Work to be completed
Exactly retype the lines of the material from its first line to the line with "Elegant bathroom with", including both.

Data for analysis

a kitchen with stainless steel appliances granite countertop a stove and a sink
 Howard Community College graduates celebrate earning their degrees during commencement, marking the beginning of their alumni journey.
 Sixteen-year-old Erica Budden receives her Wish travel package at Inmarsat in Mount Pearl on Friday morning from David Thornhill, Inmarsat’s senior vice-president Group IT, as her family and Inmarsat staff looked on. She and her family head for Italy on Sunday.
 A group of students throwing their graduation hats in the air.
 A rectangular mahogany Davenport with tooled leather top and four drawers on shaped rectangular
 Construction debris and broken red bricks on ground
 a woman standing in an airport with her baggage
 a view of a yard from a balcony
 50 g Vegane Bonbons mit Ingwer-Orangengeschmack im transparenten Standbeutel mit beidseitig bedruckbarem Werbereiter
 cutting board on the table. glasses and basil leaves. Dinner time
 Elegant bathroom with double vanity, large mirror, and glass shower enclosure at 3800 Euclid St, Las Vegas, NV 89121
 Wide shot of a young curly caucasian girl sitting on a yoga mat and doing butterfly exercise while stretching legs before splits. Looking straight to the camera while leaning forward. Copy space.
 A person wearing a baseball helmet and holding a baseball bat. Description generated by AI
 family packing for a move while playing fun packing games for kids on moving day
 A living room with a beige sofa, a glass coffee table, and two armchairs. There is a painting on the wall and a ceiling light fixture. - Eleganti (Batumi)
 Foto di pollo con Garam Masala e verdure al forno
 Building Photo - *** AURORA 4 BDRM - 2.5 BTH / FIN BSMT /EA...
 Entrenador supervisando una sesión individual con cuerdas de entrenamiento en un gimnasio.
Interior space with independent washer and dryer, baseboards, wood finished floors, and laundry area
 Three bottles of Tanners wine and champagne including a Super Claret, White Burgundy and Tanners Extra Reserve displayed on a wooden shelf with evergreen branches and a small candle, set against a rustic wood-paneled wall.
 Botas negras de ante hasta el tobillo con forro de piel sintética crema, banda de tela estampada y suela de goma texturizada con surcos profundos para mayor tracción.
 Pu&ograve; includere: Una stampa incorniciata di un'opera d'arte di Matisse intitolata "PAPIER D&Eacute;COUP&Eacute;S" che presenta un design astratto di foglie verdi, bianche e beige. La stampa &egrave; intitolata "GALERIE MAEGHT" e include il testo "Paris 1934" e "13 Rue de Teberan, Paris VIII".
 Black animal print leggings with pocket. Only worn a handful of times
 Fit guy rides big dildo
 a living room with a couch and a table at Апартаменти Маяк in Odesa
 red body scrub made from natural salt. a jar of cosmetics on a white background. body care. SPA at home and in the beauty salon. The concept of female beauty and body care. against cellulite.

Answer to the exercise
a kitchen with stainless steel appliances granite countertop a stove and a sink
 Howard Community College graduates celebrate earning their degrees during commencement, marking the beginning of their alumni journey.
 Sixteen-year-old Erica Budden receives her Wish travel package at Inmarsat in Mount Pearl on Friday morning from David Thornhill, Inmarsat’s senior vice-president Group IT, as her family and Inmarsat staff looked on. She and her family head for Italy on Sunday.
 A group of students throwing their graduation hats in the air.
 A rectangular mahogany Davenport with tooled leather top and four drawers on shaped rectangular
 Construction debris and broken red bricks on ground
 a woman standing in an airport with her baggage
 a view of a yard from a balcony
 50 g Vegane Bonbons mit Ingwer-Orangengeschmack im transparenten Standbeutel mit beidseitig bedruckbarem Werbereiter
 cutting board on the table. glasses and basil leaves. Dinner time
 Elegant bathroom with double vanity, large mirror, and glass shower enclosure at 3800 Euclid St, Las Vegas, NV 89121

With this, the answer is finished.